:: YOUR INSTRUCTIONS ::
Output exactly the lines below from the one containing "Costumed mimes in central square, called" to the last line, both included. Omit pictures.

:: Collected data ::
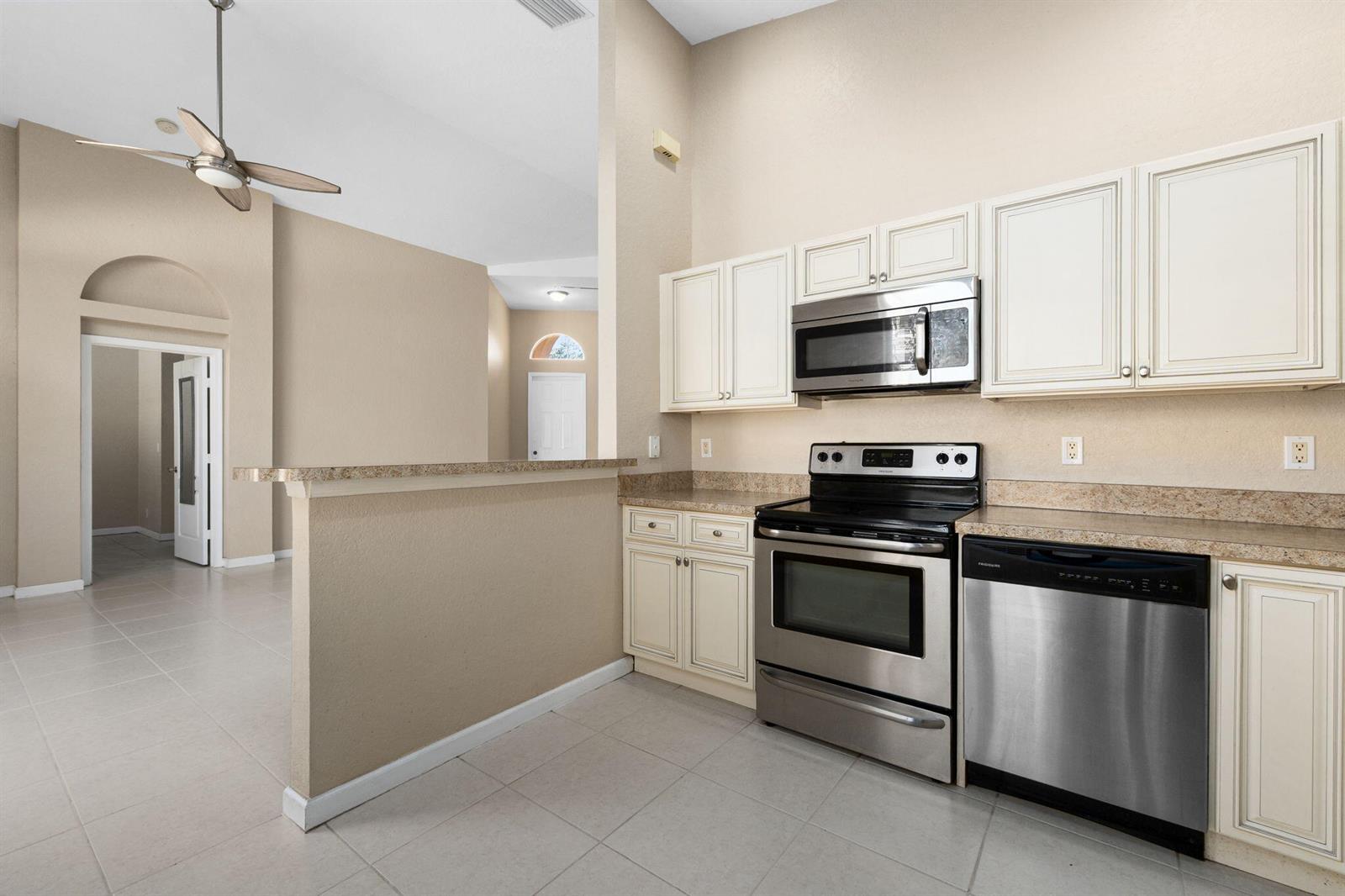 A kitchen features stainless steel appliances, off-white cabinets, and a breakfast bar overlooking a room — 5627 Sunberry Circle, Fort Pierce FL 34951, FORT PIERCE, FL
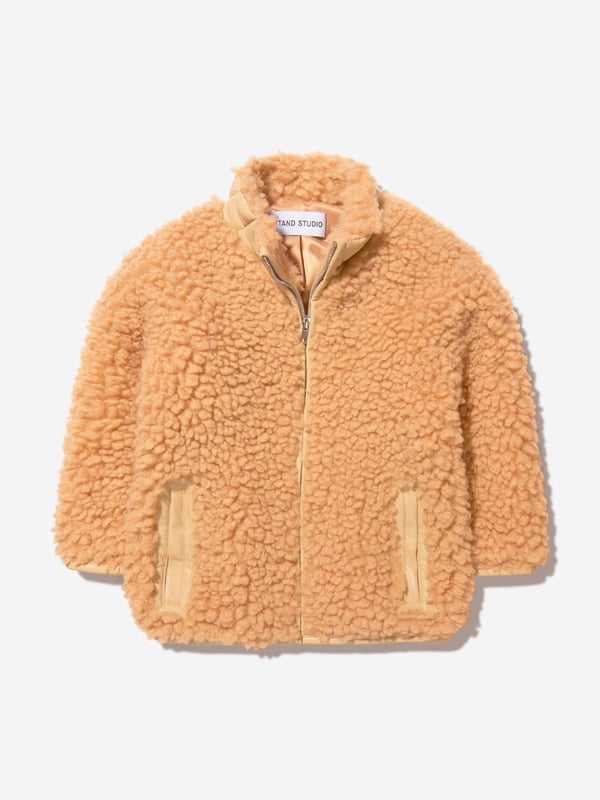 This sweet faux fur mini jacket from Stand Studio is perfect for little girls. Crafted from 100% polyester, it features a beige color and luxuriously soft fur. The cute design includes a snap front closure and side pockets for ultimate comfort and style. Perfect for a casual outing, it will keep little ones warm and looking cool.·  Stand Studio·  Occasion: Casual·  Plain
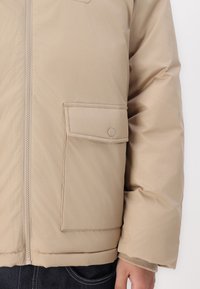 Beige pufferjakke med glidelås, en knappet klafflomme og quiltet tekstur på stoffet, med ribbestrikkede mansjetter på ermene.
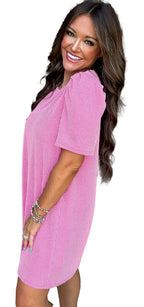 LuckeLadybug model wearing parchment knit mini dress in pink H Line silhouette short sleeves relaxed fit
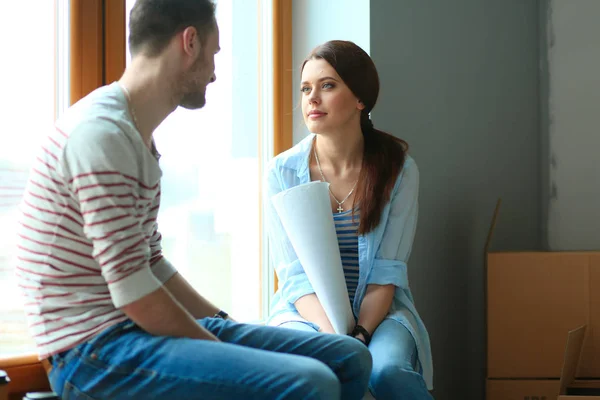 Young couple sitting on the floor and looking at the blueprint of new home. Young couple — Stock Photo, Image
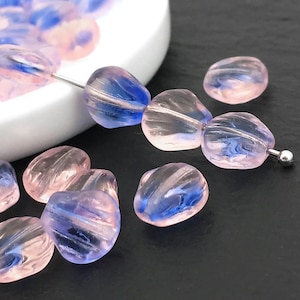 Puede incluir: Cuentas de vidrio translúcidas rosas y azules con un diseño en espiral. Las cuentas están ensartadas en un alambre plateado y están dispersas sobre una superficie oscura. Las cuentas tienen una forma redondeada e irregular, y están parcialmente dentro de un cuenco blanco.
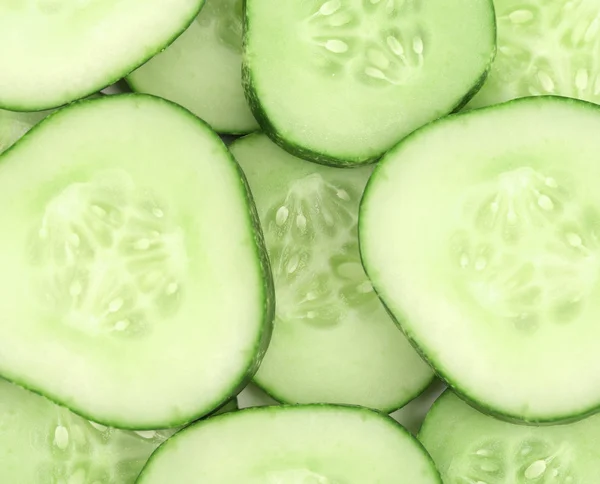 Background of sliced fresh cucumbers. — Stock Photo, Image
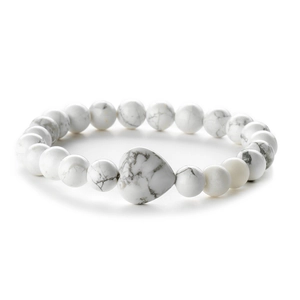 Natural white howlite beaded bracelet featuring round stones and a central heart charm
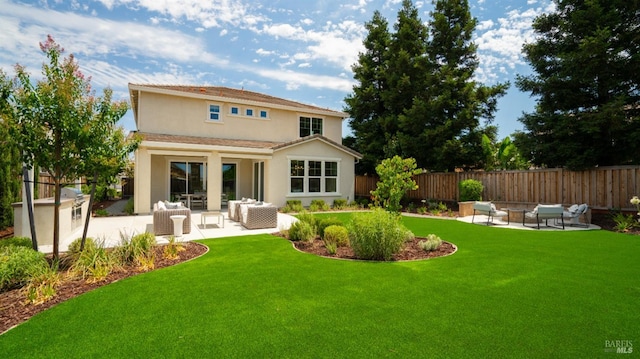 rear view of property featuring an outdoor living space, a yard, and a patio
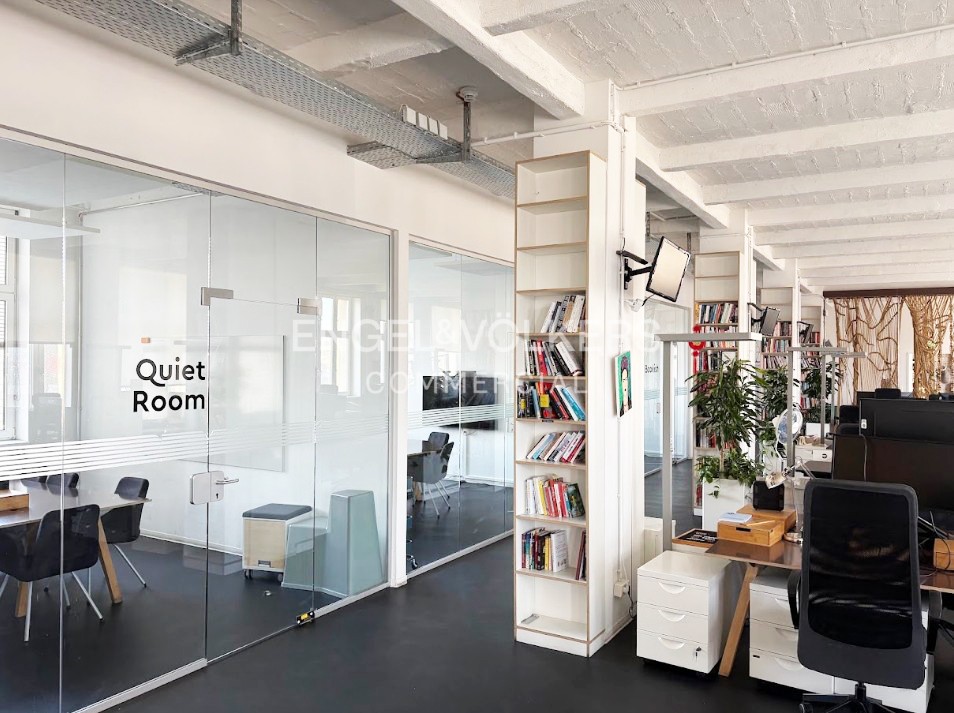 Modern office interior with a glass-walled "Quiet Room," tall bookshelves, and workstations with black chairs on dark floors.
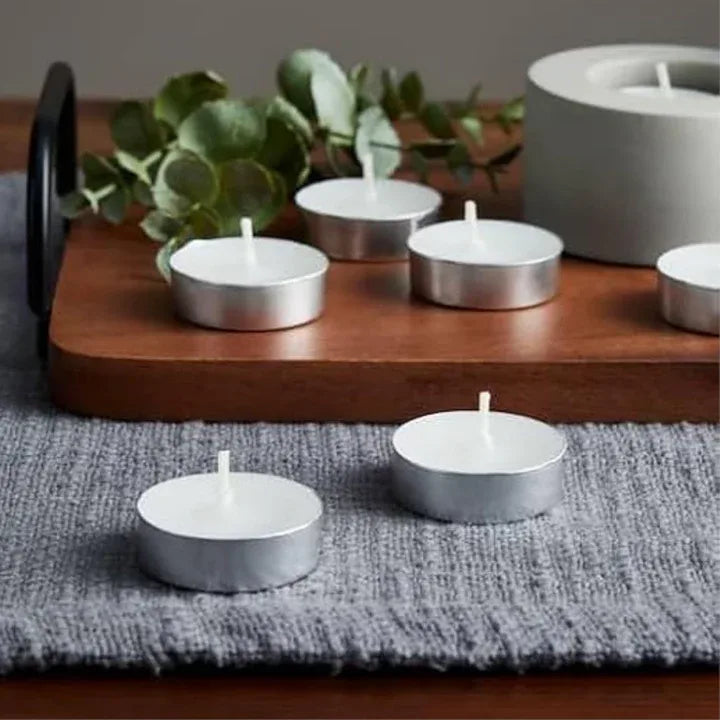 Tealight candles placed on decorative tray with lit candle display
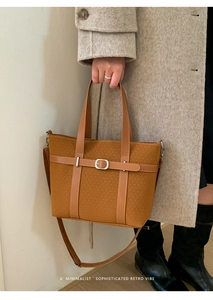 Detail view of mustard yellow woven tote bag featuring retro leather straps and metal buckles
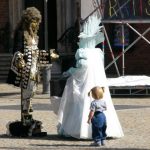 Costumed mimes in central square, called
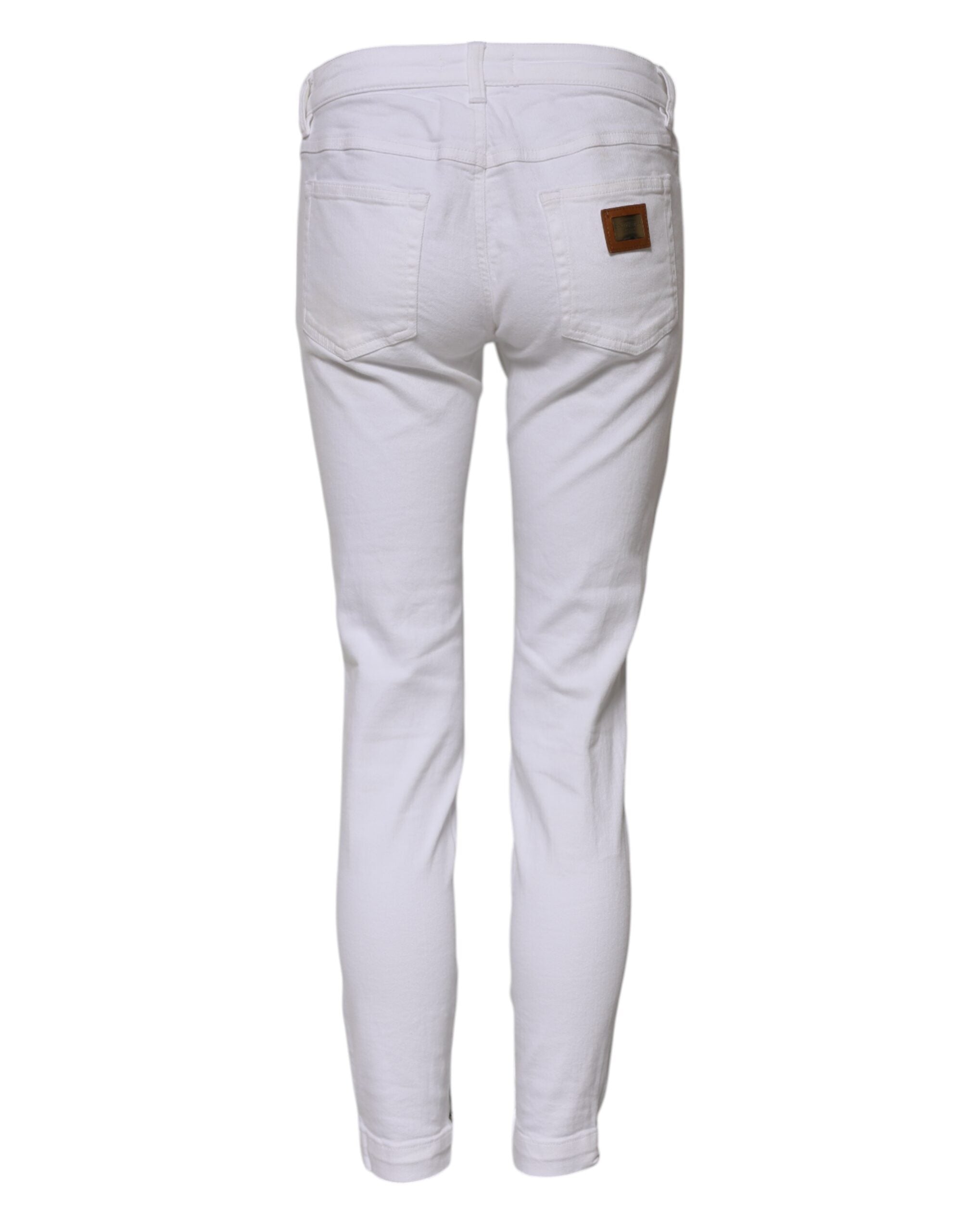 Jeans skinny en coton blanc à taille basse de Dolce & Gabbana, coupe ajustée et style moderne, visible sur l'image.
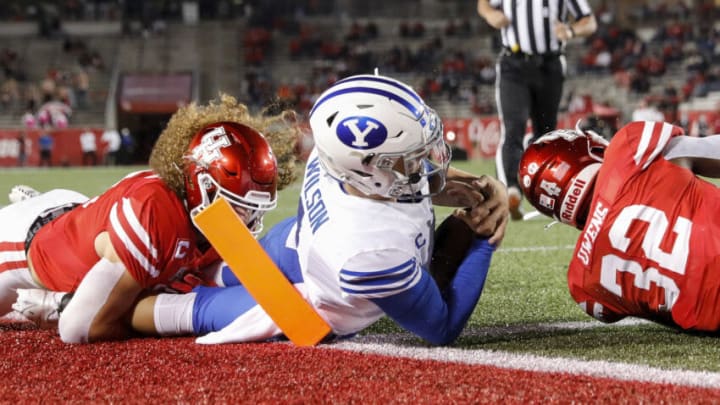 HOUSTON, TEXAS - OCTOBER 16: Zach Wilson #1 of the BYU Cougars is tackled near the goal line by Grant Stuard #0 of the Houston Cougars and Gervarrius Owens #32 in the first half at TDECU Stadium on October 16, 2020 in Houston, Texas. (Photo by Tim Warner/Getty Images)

:: EXERCISE OUTPUT ::
 Costumed mimes in central square, called
 Jeans skinny en coton blanc à taille basse de Dolce & Gabbana, coupe ajustée et style moderne, visible sur l'image.
 HOUSTON, TEXAS - OCTOBER 16: Zach Wilson #1 of the BYU Cougars is tackled near the goal line by Grant Stuard #0 of the Houston Cougars and Gervarrius Owens #32 in the first half at TDECU Stadium on October 16, 2020 in Houston, Texas. (Photo by Tim Warner/Getty Images)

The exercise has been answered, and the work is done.